Physical effort is another, as absurd as it sounds. Clicking on an article online, and then the back button if it doesn't match with the reader's hopes, takes only a flick of a finger. The act of holding a newspaper and turning the page demands a small but important physical investment in the act of reading. Studies have suggested that readers require less effort to read physical media and remember more of it afterwards.
I would argue that a lot of this is down to the perceived value of physical information and the investment in acquiring it. It is easier to concentrate and process information with value than when reading information without. When reading online, it's easy to become distracted or have one's attention caught by something else: thus, reading an article all the way through at once requires a more concerted effort. With physical media, the existing investment - financial and physical - gives a greater sense of importance to what one is reading - not to mention how physical reading engages the sense of touch, giving the act of reading a tangible realness - making it easier to concentrate.

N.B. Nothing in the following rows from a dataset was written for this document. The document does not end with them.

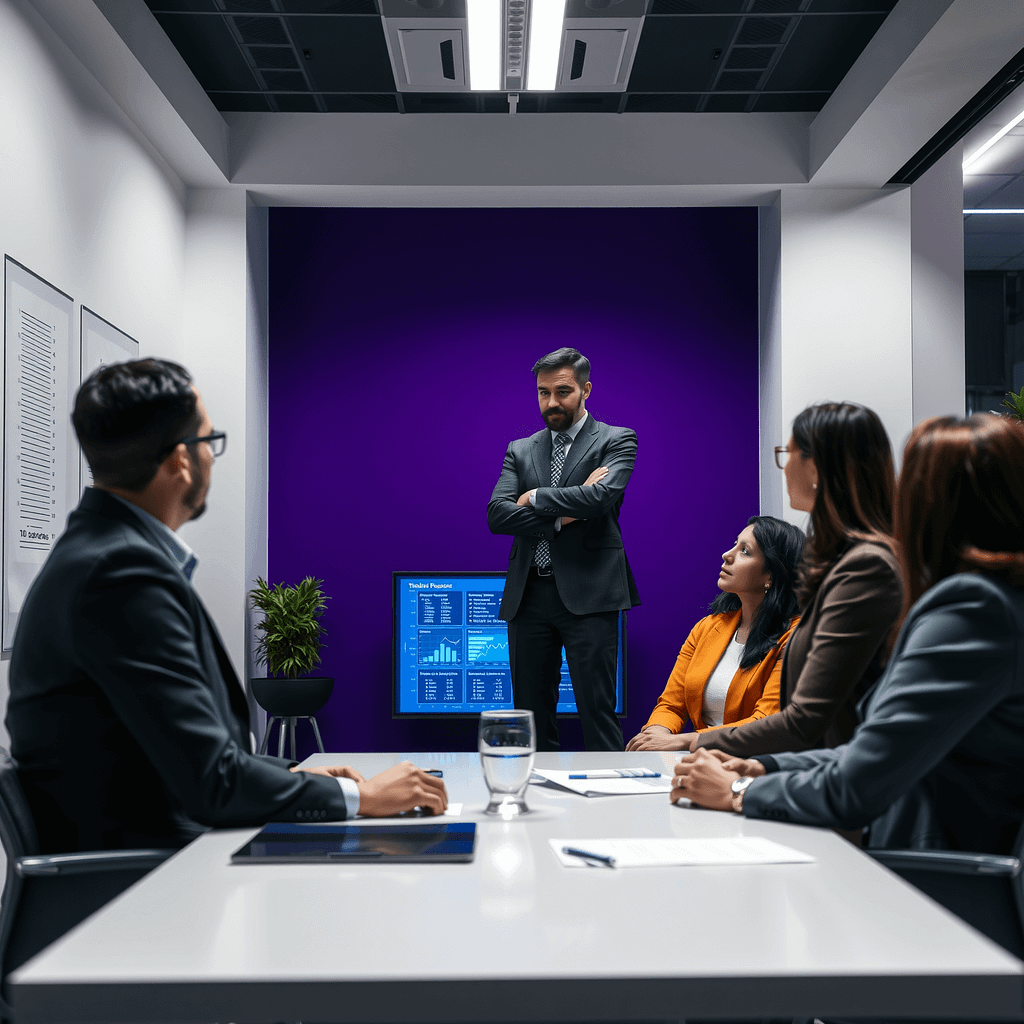 Vier diverse Profis im modernen Büro diskutieren situativen Führungsstil unter Anleitung eines Mentors im Stehen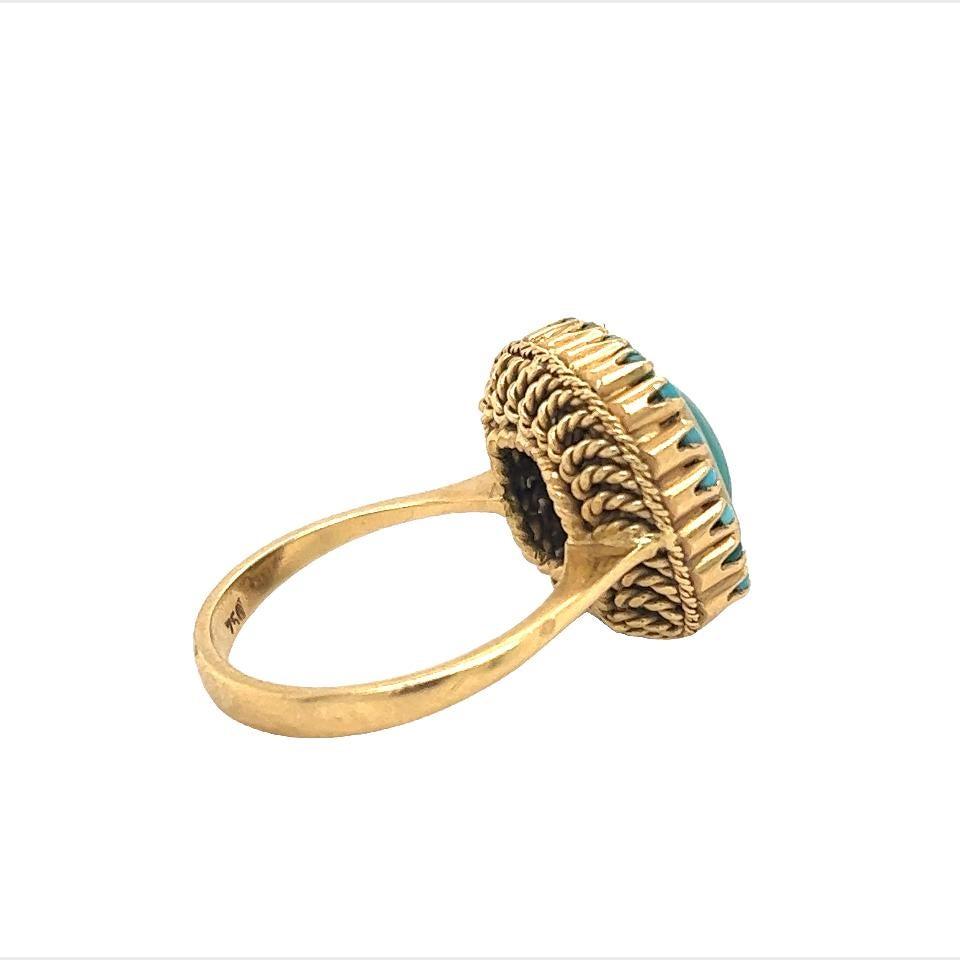 Retro Turquoise Gemstone Cocktail Ring 18k Yellow Gold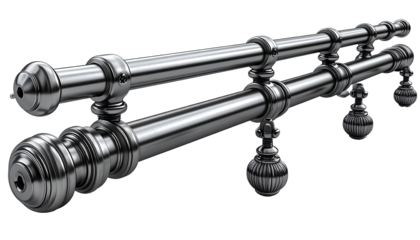 Polished chrome bar with decorative ends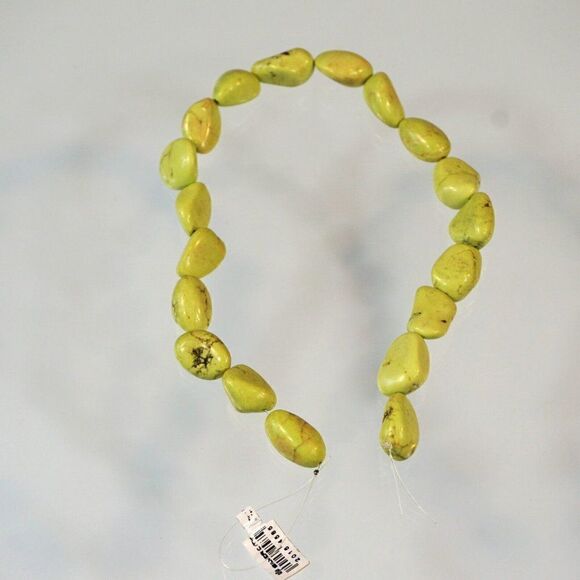 Strand Lime Green Nugget Stone Beads 16 inch Long Crafts Jewelry Making - Picture 1 of 5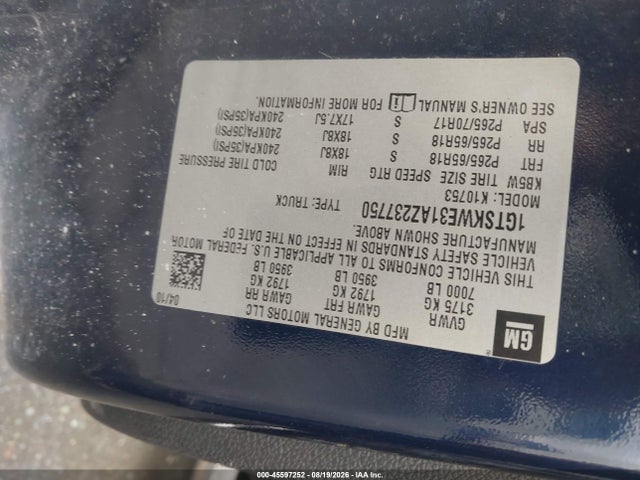 Aukcja sprzedaży 2010 Gmc Sierra 1500 Slt, vin: 1GTSKWE31AZ237750, numer aukcji: 45597252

This is a long-winded way of reaching the ultimate point of this article, which is that in making the act of reading a linear path where every word has an investment value, readers are more likely to spend time assimilating knowledge they had not anticipated and might otherwise not be exposed to. Although my faux-academic jargon of 'assimilating knowledge' and 'acquiring information' gives the impression that this is simply a matter of mechanical calculation (more information = improved function), the meaningful benefits are spiritual.
Being manipulated into strong emotional reactions has become so commonplace that it can be easy to forget how small and mundane everyday life is in the real world. By encouraging readers to engage with articles that might not grip the senses in the same way as the latest political travesty, physical media gives a broader, more balanced perspective on the world. Reading pieces which might not be especially shocking, funny or big in scope grounds the act of learning in a more authentic, thoughtful form. It acts as a refresher on our consciousness, providing a break from non-stop provocation to take the time to learn out of curiosity rather than urgency. For all its failings, that's why the collapse of physical media should be mourned: not for the news, but for the unexpected lines in-between.